Problem to solve - Only one stretch of the data is wanted: the line containing "But the automatically", the line containing "As you can see", and every line between them, copied exactly.

Data supplied -
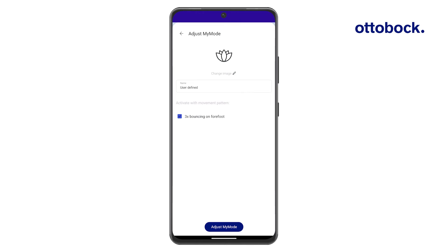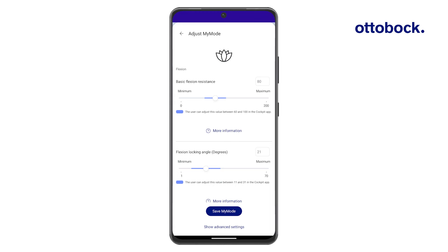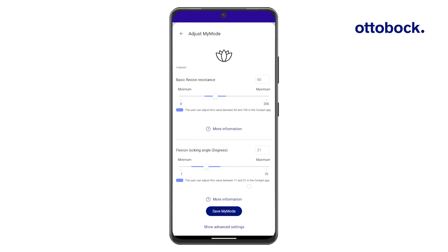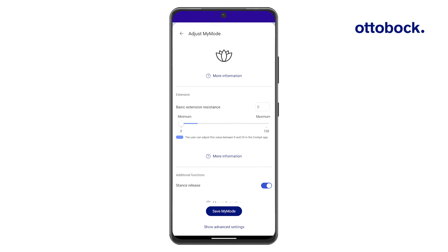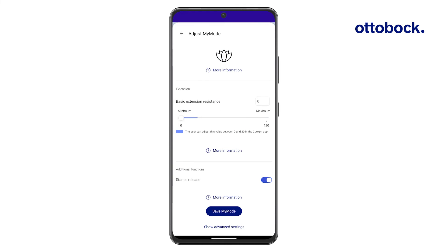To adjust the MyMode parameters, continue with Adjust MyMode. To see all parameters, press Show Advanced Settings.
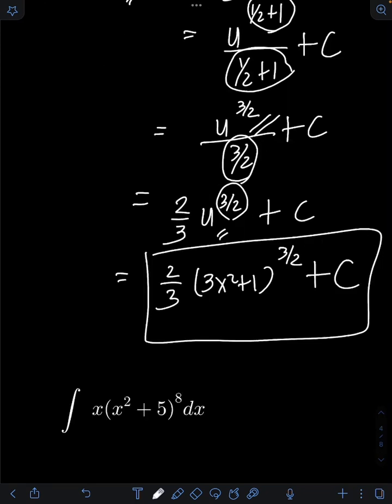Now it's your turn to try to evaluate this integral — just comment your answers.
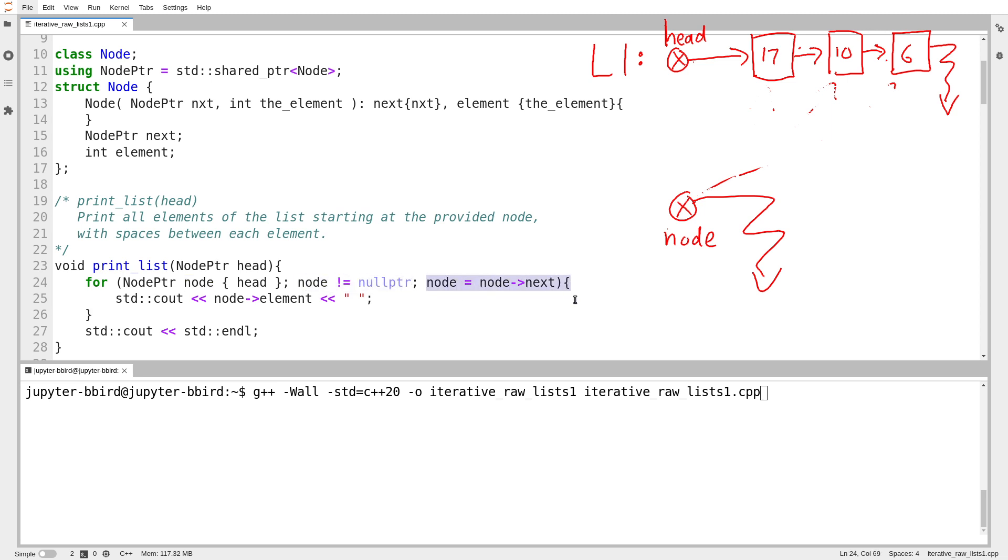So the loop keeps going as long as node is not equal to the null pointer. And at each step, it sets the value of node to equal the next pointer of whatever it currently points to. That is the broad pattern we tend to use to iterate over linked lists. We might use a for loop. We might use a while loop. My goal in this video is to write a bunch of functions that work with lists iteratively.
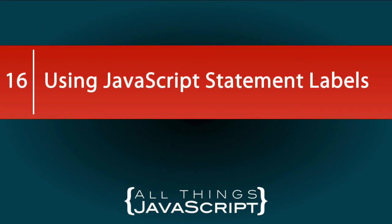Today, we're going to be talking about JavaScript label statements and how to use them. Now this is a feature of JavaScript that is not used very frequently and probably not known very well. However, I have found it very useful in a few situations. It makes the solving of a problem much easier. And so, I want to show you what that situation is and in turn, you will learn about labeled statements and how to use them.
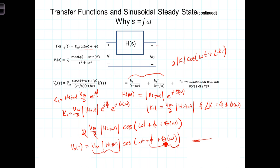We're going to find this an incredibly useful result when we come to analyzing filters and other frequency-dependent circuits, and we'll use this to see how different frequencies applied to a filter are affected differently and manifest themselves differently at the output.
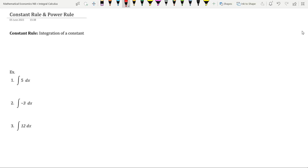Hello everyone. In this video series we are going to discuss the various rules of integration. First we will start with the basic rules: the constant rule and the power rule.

--

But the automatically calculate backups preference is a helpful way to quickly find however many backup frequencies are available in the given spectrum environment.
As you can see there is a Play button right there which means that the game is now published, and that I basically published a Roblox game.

Result of the exercise -
But the automatically calculate backups preference is a helpful way to quickly find however many backup frequencies are available in the given spectrum environment.
As you can see there is a Play button right there which means that the game is now published, and that I basically published a Roblox game.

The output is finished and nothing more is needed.